[RAW DATA Boundary: Start]

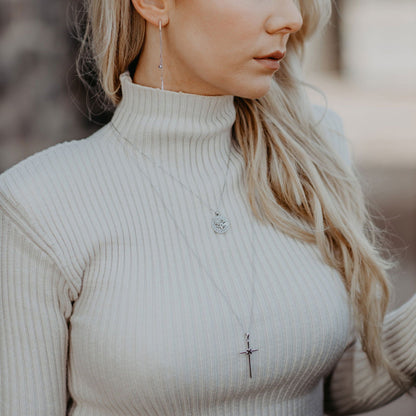 FAITH Kette - Shopgalaxy.ch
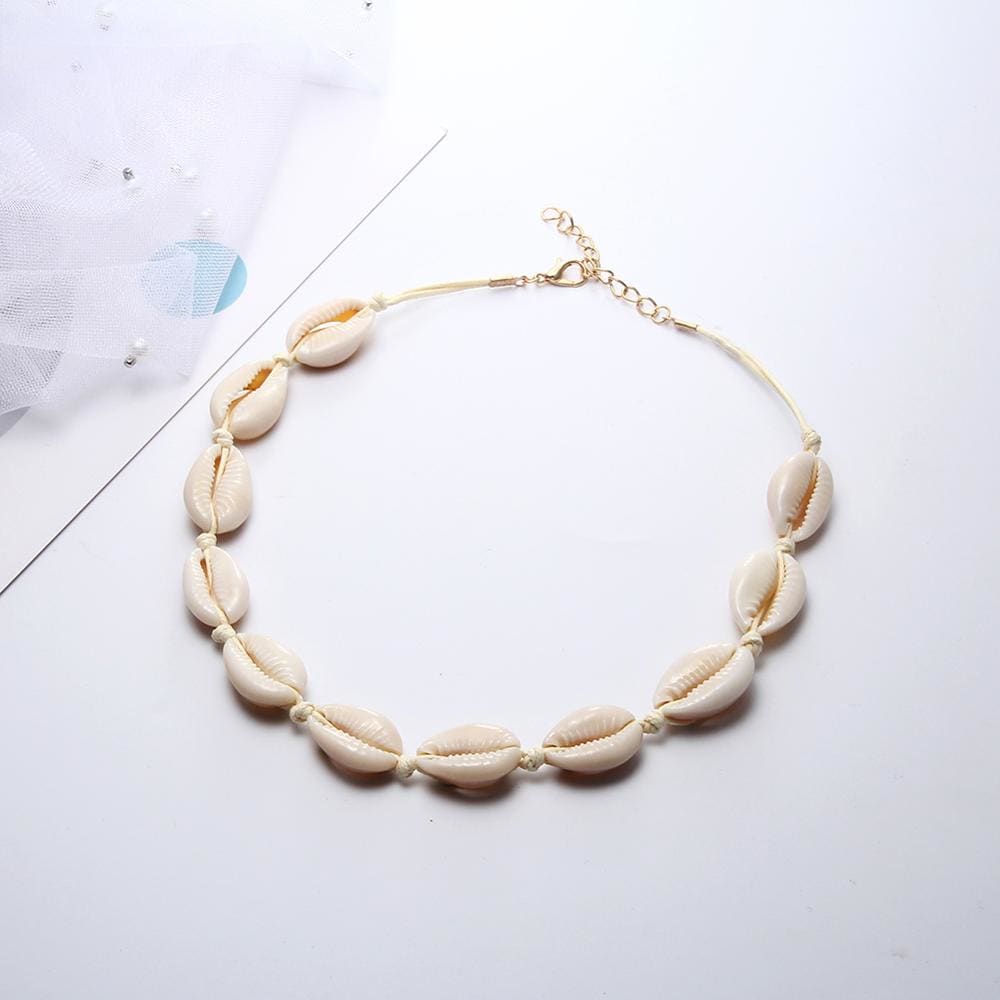 Necklace Shell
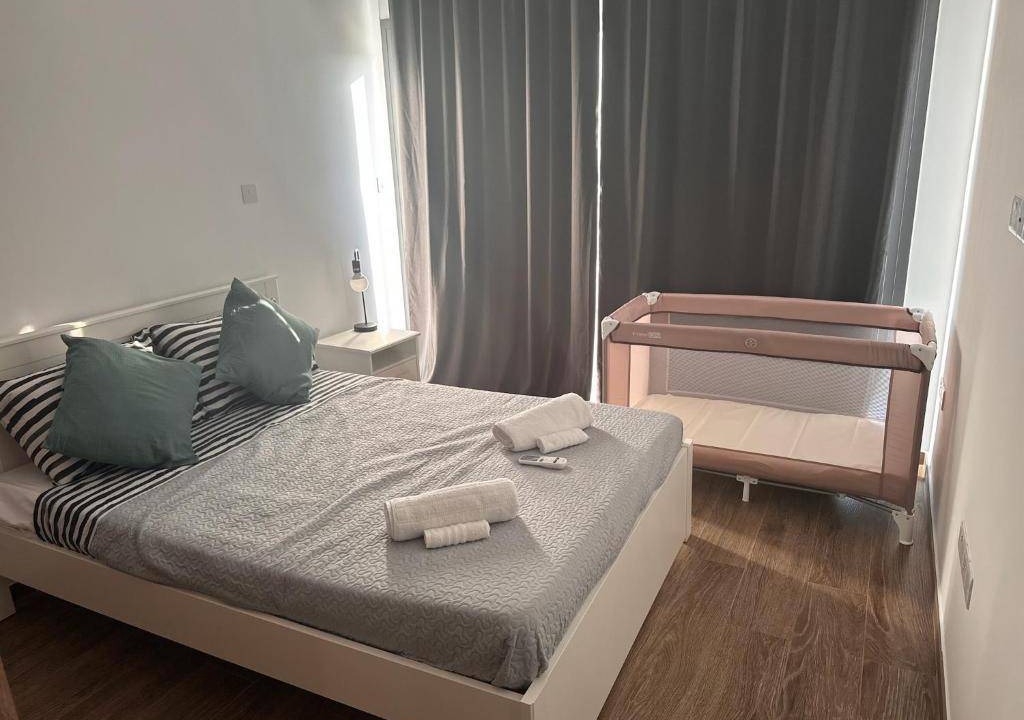 Photo of Bedroom in Potamos tis Germasogeias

[RAW DATA Boundary: End]

> [WORK INSTRUCTION]
The reply should consist of the listing restated word for word, with its pictures removed.

> [OUTPUT OF THE EXERCISE]
 FAITH Kette - Shopgalaxy.ch
 Necklace Shell
 Photo of Bedroom in Potamos tis Germasogeias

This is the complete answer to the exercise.